Short web captions

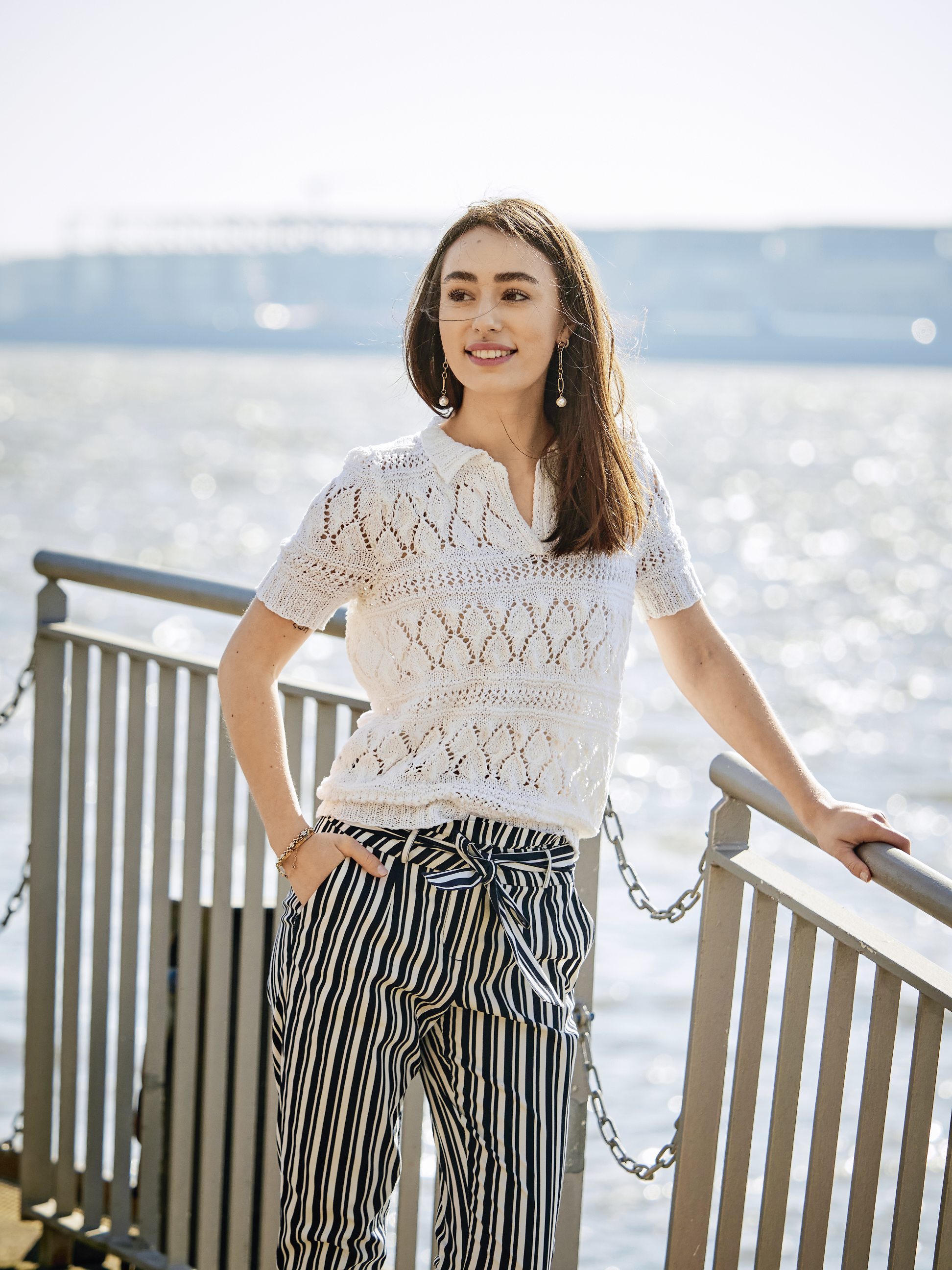 Weißer Strickpullover, selbstgemacht, kombiniert mit modischer, gestreifter Hose, lässiger Schnitt.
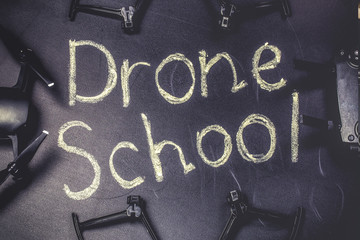chalkboard inscription on the blackboard  drone school, near quadrocopter and its accessories,...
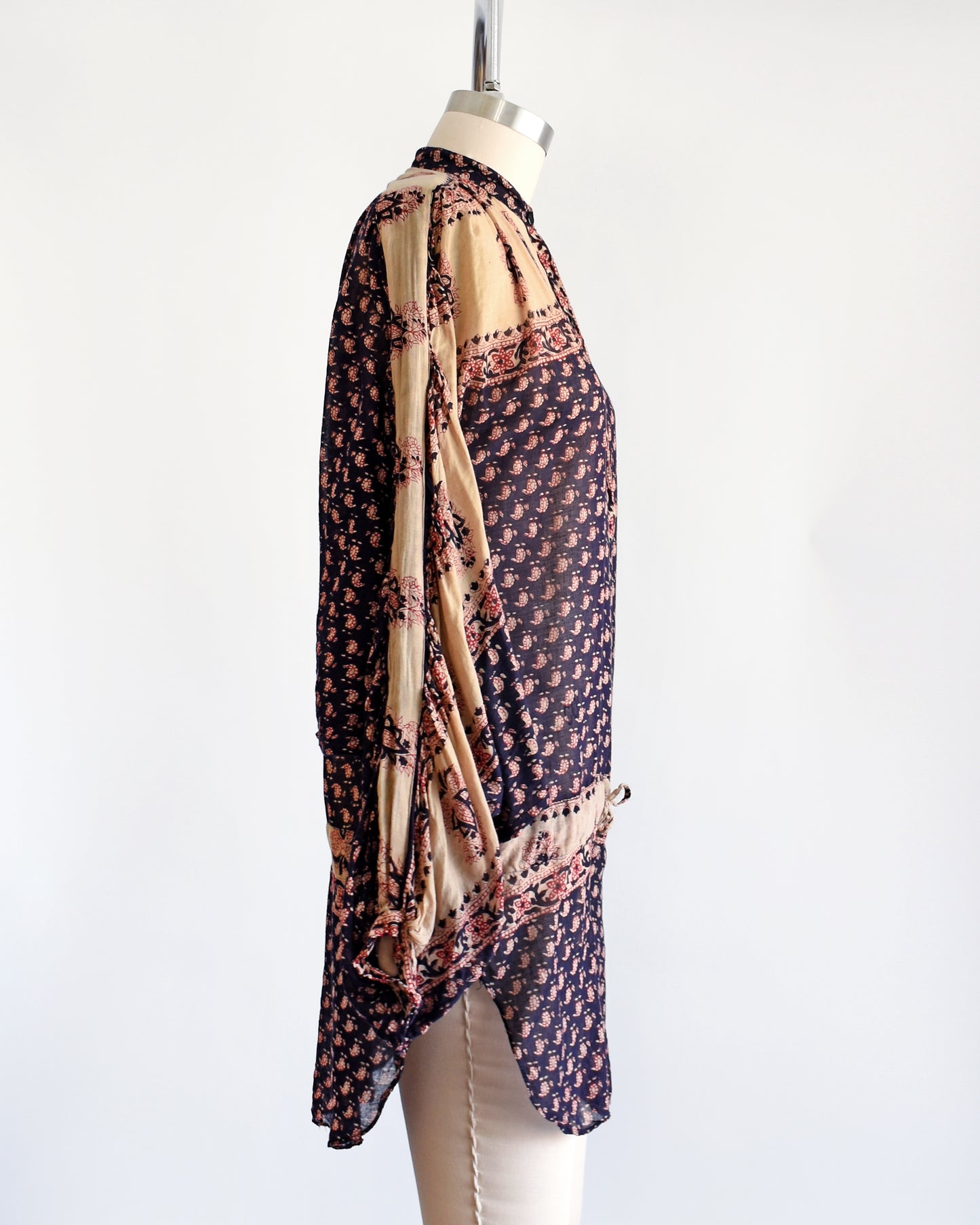 Side view of a vintage 1970s Indian cotton tunic made from thin, gauzy navy blue and light tan cotton with a red and navy floral block print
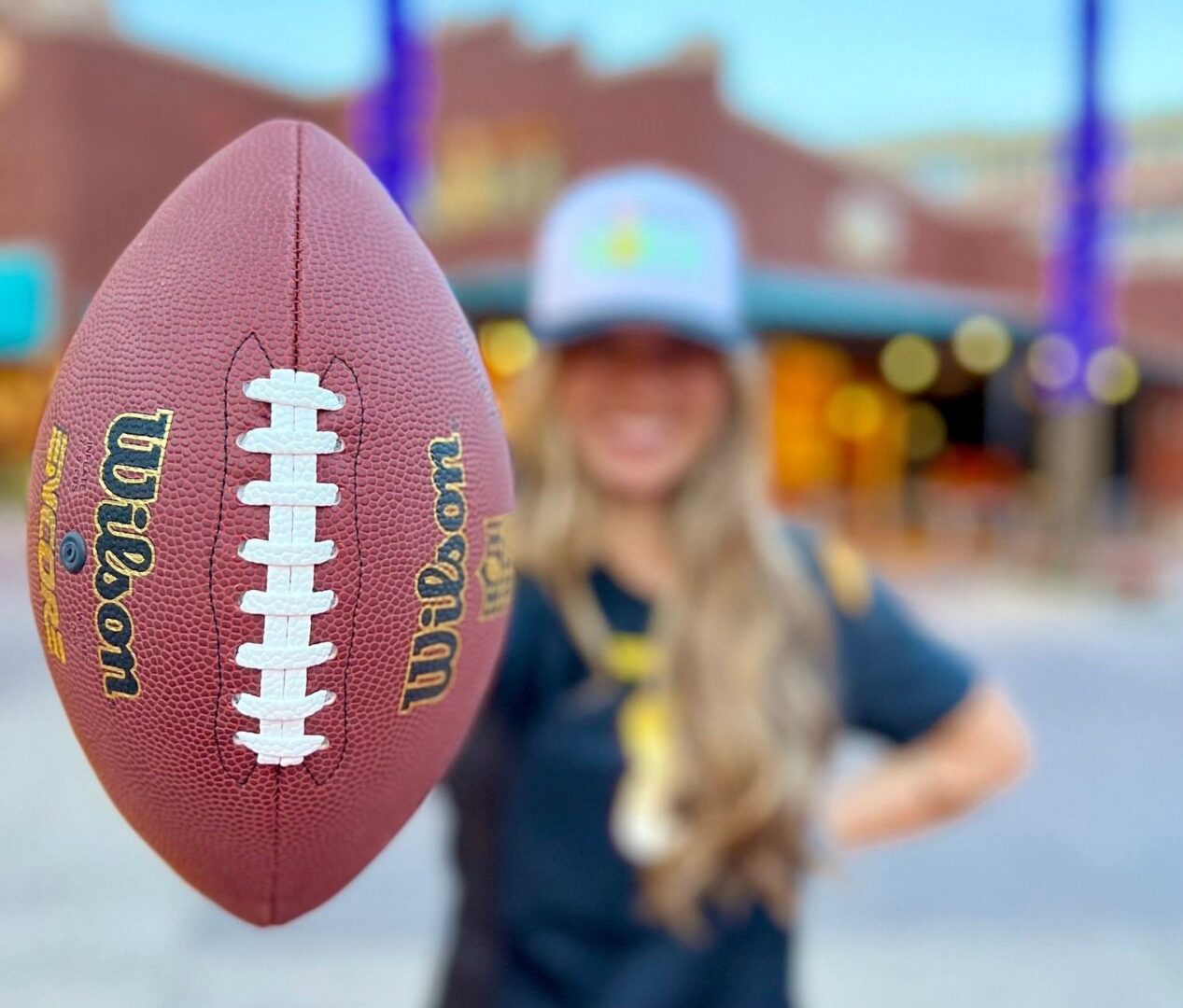 Morning Squeeze staff holds a super football in the foreground welcoming visitors for brunch.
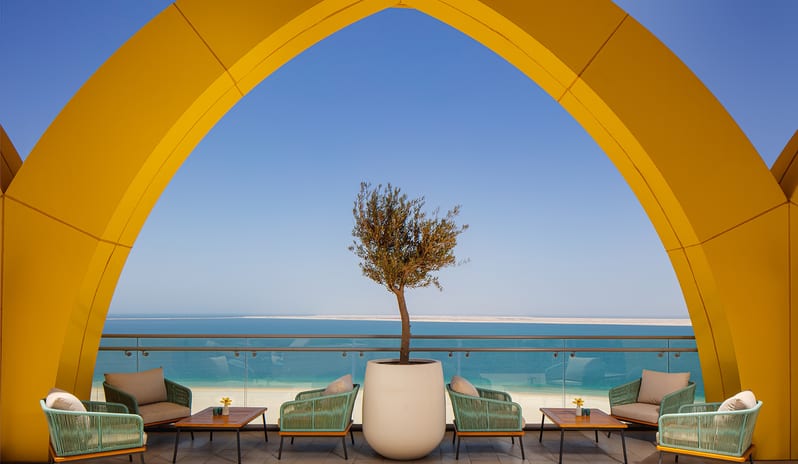 Sheesh striking yellow architectural arch framing a panoramic ocean view, sea-green lounge chairs, and a central potted olive tree at Centara Mirage Beach Resort Dubai by Kenwood Travel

• AIM OF THE TASK: Working down from the line with "Side view of", copy each line exactly until the last line of the entries, which is also included. Omit the pictures.

• ANSWER TO THE PROBLEM:
 Side view of a vintage 1970s Indian cotton tunic made from thin, gauzy navy blue and light tan cotton with a red and navy floral block print
 Morning Squeeze staff holds a super football in the foreground welcoming visitors for brunch.
 Sheesh striking yellow architectural arch framing a panoramic ocean view, sea-green lounge chairs, and a central potted olive tree at Centara Mirage Beach Resort Dubai by Kenwood Travel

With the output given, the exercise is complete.